→ **Provided records**:

☆ ☆ ☆ ☆ ☆ ☆ ☆

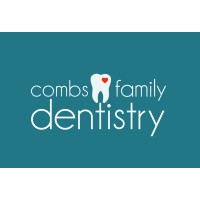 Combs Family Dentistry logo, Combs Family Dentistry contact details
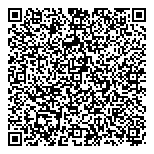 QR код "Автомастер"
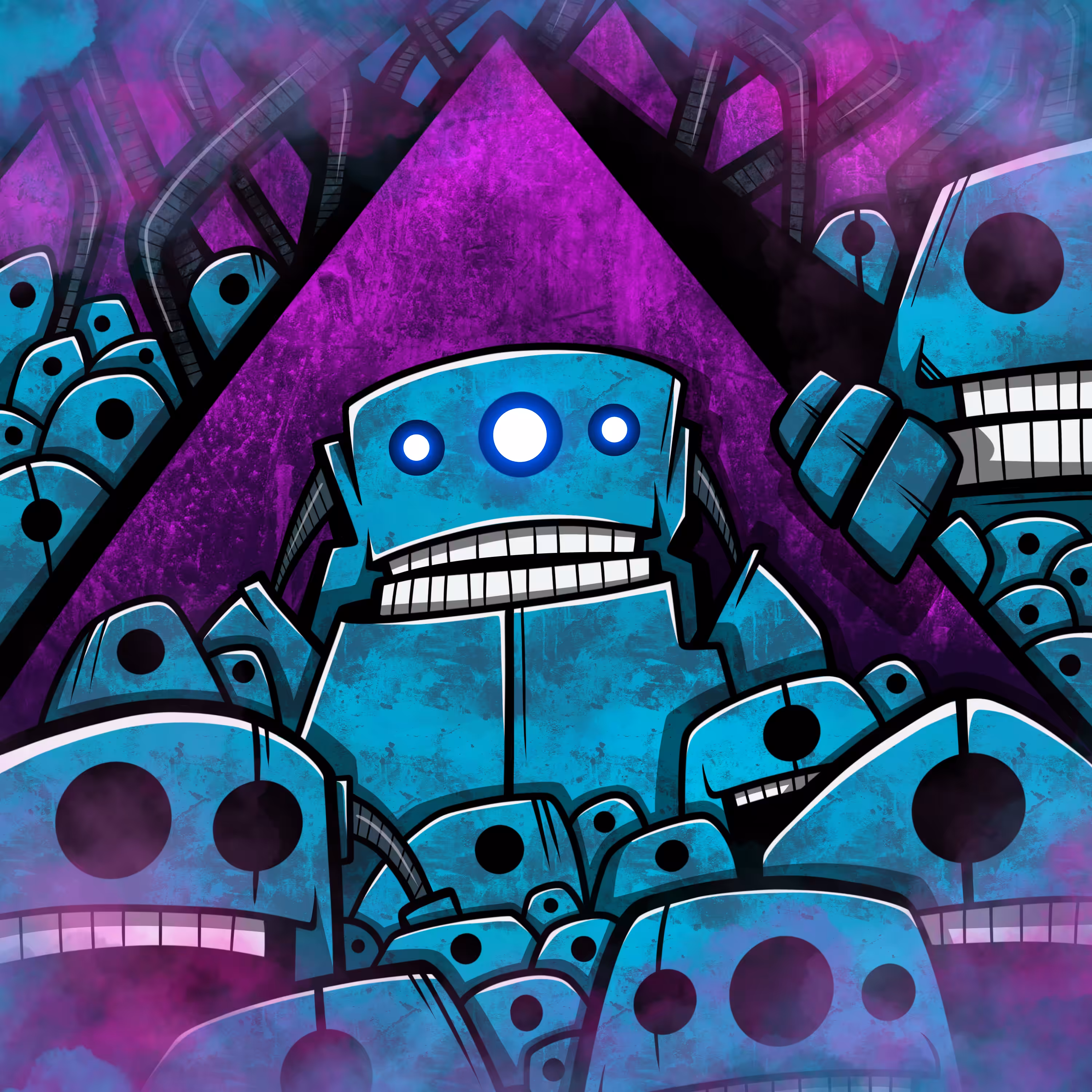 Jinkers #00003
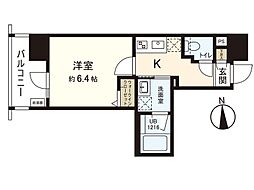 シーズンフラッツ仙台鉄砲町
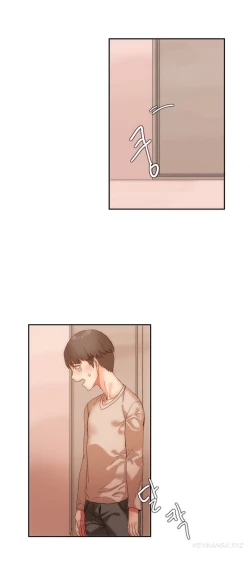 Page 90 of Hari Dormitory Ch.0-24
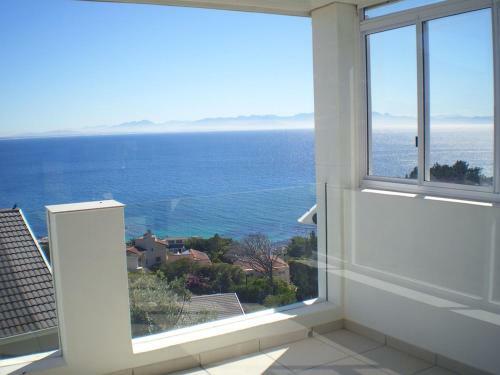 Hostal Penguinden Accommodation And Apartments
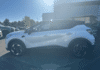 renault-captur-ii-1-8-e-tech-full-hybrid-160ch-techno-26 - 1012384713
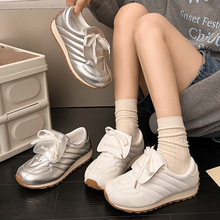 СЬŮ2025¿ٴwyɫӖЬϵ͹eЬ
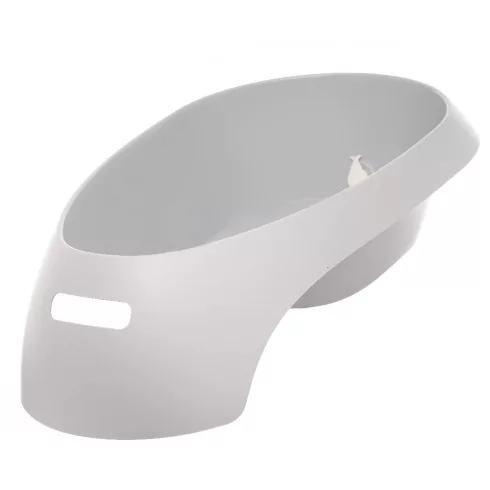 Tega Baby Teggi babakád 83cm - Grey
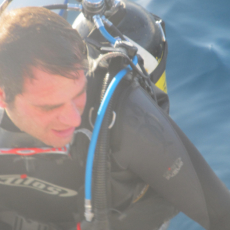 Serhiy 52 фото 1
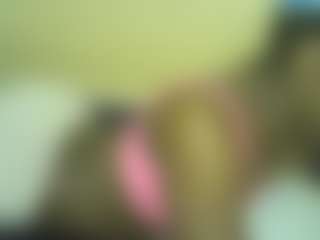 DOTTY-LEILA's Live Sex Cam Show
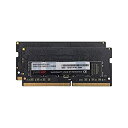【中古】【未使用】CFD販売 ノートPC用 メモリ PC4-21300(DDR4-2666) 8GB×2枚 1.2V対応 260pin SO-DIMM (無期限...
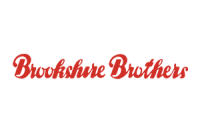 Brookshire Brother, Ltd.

☆ ☆ ☆ ☆ ☆ ☆ ☆

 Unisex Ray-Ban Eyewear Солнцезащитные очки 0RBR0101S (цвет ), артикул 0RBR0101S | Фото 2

☆ ☆ ☆ ☆ ☆ ☆ ☆

→ **Your task**:
Starting at the line above that holds "Hostal Penguinden Accommodation", return each line up to and including the one that holds "Brookshire Brother, Ltd.", exactly as written, minus any pictures.

→ **Completed exercise**:
 Hostal Penguinden Accommodation And Apartments
 renault-captur-ii-1-8-e-tech-full-hybrid-160ch-techno-26 - 1012384713
 СЬŮ2025¿ٴwyɫӖЬϵ͹eЬ
 Tega Baby Teggi babakád 83cm - Grey
 Serhiy 52 фото 1
 DOTTY-LEILA's Live Sex Cam Show
【中古】【未使用】CFD販売 ノートPC用 メモリ PC4-21300(DDR4-2666) 8GB×2枚 1.2V対応 260pin SO-DIMM (無期限...
 Brookshire Brother, Ltd.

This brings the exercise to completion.